La présence policière était très forte mais il y avait également un millier de manifestants, issus de divers milieux. Nous avons tenté de longer l’hôtel de ville mais la police nous empêchait de passer. Nous avons alors décidé de traverser la place et de tourner à droite en direction du musée Pointe-à-Callière. Dans le cortège, j’ai constaté que beaucoup de personnes n’appartenaient pas aux groupes de tradition anarchiste (couples, étudiants, jeunes et moins jeunes). Étant d’un naturel prudent, j’ai décidé de me placer en fin de manifestation, avec la fanfare. L’ambiance était plutôt bon enfant…jusqu’à ce que, sans crier gare, nous nous sommes retrouvés totalement pris en souricière !! Je n’ai rien vu venir parce que tout s’est passé très vite. Lorsque j’ai essayé de partir, un policier a poussé une jeune fille qui est tombée sur mon vélo (brisant le mécanisme). Nous étions plusieurs centaines, encerclés de policiers. Nous sommes restés au moins deux heures, serrés comme des sardines, entourés de policiers armés et casqués jusqu’aux dents….on se serait cru en temps de guerre, dans un pays en dictature !!
Durant ce laps de temps, j’ai vu plusieurs policiers malmener des manifestants qui protestaient. Certains se sont faits sortir très violemment du cercle pour être jetés à terre, menottés et embarqués dans des bus.
Finalement, on nous a fait grimper un par un dans des autobus. Un policier m’a demandé de laisser mon vélo sans cadenas (je n’en avais pas pris). Nous avons tous eu droit aux menottes. Lorsque j’ai protesté pour apporter mon vélo dans l’autobus, un agent m’a affirmé que toutes les affaires se trouvant sur le site seraient rassemblées au poste de police. Nous sommes finalement partis jusqu’à Langelier (à mon avis le poste de police le plus éloigné du lieu d’arrestation) où on nous a remis un ticket de contravention de 637 dollars, puis libérés. J’ai dû marcher 25 minutes jusqu’au métro Langelier pour revenir au Vieux Port. Comme le site était encore encerclé de policiers, j’ai pu finalement retrouver mon vélo. Nous avons été arrêtés vers 18 h30 et je suis rentrée chez moi à 1 heure du matin.

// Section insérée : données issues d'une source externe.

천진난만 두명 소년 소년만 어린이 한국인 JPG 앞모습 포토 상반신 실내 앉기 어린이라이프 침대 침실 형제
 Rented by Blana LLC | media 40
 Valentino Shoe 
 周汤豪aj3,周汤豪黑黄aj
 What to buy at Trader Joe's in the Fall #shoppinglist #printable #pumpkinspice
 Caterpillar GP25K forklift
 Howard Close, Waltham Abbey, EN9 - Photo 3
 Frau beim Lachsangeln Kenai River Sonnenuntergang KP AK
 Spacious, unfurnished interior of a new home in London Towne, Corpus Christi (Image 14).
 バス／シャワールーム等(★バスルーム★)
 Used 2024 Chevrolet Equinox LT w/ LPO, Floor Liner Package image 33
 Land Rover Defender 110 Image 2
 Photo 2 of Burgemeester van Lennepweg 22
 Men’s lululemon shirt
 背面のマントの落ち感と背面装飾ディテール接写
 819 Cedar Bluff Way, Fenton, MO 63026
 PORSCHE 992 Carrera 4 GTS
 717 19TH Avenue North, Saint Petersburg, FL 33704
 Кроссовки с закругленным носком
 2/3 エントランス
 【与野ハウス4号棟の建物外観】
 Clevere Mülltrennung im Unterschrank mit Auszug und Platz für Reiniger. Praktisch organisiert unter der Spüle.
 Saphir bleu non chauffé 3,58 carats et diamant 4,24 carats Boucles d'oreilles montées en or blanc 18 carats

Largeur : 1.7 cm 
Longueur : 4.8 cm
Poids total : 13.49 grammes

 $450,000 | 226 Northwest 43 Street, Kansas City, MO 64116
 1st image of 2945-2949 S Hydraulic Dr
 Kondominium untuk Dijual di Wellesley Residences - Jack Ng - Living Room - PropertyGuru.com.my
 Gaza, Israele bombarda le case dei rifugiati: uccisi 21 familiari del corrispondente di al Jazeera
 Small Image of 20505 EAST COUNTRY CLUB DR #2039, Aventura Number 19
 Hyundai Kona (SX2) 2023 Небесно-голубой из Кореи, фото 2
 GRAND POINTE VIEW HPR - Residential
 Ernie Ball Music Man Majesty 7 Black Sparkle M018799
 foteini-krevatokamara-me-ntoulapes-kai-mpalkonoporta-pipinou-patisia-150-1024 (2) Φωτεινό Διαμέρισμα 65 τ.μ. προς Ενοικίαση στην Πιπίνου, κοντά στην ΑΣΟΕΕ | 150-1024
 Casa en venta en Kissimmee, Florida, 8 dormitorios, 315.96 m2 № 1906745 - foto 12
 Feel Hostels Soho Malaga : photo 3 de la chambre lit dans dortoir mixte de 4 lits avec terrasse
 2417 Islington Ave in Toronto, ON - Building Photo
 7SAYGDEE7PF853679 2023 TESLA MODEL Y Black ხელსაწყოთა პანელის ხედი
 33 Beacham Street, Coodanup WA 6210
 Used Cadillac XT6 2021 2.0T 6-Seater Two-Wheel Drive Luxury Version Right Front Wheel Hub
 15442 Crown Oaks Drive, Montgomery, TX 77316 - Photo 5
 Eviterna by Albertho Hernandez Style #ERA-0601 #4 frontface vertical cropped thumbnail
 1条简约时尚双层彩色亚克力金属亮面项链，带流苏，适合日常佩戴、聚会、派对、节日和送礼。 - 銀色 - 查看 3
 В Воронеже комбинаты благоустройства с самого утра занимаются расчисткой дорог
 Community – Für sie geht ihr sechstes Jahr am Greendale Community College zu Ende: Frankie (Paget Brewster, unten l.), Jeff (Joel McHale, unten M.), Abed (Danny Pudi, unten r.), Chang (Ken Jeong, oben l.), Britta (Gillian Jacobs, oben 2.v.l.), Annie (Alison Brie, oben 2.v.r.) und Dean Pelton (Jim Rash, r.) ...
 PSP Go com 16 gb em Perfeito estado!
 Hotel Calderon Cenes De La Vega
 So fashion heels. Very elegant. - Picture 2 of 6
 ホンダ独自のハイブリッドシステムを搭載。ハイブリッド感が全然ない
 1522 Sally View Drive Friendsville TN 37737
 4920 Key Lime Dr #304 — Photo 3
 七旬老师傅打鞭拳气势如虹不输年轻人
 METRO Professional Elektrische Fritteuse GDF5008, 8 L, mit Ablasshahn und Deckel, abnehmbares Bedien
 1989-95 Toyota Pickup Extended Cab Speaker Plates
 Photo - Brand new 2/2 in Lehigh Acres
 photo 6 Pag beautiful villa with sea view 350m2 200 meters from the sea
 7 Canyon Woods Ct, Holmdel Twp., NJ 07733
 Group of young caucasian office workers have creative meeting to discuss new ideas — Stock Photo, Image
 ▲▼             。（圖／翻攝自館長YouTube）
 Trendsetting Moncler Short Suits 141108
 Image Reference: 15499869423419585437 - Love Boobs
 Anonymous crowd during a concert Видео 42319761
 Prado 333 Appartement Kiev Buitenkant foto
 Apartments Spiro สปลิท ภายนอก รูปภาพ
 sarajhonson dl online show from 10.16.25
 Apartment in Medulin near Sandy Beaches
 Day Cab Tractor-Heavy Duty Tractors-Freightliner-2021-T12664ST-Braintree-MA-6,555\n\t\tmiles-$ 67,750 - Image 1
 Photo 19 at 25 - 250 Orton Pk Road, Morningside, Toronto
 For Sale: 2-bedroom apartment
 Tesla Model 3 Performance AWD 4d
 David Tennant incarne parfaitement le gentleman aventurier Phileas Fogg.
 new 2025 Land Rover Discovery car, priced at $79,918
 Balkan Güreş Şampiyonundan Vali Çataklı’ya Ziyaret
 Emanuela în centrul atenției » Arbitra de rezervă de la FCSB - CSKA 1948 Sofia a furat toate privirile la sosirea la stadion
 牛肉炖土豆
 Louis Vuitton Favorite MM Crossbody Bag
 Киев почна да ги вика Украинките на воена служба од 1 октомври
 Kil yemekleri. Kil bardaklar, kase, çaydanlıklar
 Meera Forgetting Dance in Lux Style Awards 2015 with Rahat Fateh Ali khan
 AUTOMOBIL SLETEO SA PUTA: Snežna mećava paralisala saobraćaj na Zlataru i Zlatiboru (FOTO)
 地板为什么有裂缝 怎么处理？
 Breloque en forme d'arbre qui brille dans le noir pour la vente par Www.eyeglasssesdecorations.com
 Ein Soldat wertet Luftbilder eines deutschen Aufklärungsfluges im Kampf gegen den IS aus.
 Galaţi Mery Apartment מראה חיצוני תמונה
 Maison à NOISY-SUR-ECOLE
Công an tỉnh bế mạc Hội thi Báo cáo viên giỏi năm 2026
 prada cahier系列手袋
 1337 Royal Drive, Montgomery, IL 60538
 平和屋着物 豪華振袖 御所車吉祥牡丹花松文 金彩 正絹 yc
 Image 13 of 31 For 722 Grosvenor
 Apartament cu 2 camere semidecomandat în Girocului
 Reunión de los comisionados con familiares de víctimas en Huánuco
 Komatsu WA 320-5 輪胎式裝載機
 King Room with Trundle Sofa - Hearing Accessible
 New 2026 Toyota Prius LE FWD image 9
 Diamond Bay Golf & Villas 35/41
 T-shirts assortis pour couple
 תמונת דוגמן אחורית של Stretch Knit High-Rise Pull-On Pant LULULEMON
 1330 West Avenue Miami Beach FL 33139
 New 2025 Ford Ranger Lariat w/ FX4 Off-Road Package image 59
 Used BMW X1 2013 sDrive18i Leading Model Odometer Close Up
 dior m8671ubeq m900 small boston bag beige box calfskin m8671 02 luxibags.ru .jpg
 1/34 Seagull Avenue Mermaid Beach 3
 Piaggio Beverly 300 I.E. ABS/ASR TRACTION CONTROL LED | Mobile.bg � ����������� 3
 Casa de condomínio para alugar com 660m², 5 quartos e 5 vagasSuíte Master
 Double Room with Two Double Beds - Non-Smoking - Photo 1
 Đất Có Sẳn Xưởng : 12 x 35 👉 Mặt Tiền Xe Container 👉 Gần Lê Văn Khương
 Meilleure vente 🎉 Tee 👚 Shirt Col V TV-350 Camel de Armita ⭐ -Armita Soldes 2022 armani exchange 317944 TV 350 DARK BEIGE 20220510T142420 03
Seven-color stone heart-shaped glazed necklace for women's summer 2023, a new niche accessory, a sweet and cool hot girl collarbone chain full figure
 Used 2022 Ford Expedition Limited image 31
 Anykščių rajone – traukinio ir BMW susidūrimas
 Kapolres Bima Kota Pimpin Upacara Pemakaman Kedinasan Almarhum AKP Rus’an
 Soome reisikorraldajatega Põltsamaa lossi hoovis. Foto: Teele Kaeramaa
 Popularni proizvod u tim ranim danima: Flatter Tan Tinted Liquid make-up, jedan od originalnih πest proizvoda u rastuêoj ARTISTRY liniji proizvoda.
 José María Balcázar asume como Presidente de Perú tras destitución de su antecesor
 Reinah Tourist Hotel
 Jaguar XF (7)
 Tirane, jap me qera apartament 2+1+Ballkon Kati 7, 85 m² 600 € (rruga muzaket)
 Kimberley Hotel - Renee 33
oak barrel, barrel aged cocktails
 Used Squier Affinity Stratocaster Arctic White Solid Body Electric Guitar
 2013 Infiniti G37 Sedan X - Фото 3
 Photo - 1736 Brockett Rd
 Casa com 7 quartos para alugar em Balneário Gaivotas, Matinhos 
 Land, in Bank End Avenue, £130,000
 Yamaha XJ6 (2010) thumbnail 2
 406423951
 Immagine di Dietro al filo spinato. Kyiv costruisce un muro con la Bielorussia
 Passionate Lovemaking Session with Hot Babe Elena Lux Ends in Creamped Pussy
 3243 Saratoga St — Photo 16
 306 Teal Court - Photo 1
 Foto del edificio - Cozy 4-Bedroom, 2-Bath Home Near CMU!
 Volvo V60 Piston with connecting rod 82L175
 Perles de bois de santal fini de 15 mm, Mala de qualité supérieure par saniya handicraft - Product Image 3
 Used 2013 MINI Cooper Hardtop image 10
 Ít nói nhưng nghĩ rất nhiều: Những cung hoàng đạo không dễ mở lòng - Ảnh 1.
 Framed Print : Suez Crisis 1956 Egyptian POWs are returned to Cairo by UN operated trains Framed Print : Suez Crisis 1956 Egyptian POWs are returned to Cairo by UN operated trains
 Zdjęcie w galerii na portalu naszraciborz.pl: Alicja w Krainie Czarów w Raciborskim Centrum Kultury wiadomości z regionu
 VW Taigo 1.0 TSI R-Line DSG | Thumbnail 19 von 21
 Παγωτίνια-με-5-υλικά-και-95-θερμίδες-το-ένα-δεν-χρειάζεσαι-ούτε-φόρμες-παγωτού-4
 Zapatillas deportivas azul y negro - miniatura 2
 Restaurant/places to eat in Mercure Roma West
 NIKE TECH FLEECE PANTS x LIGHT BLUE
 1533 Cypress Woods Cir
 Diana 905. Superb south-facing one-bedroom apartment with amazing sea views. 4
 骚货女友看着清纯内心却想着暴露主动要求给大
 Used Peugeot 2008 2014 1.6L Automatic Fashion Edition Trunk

Je garde un goût plutôt amer de mon expérience qui suscite bon nombre de questions troublantes. On peut en effet se demander pourquoi la police a délibérément choisi d’encercler les personnes les plus pacifiques de la manifestation ? Est-elle consciente qu’elle n’empêchera pas les militants anarchistes de poursuivre la lutte ? Son objectif est-il de dissuader tous les autres de manifester ? Pourquoi un tel processus d’intimidation (menottes, attente interminable, confiscation des objets personnels, éloignement choisi). J’ai eu vraiment eu l’impression d’être une criminelle, à l’instar de tous les gens qui m’entouraient, pour la plupart des personnes totalement pacifiques s’opposant à un règlement qu’elles jugent inique ou simplement venues célébrer le 1er mai…
Cette aventure m’a également permis de réaliser qu’il nous faudra faire face à une force policière impitoyable lorsque nous déciderons de changer réellement les choses et de reprendre en mains notre destin collectif.
Saurons-nous alors faire preuve de pacifisme…rien n’est moins sûr ?
Il est quelque peu ironique et enrageant de savoir qu’à quelques pas de l’endroit où nous manifestions, en plein centre-ville, des bandits corrompus ayant détourné des millions de deniers publics sortent les mains libres de la commission Charbonneau et ne seront nullement inquiétés…sans doute ces gens-là ne contestent-ils pas l’ordre établi mais profitent du système, sous l’œil relativement complaisant de nos dirigeants et actionnaires.
Il y a de sérieuses questions à se poser et des changements à préparer…collectivement, lorsque la peur aura changé de camp.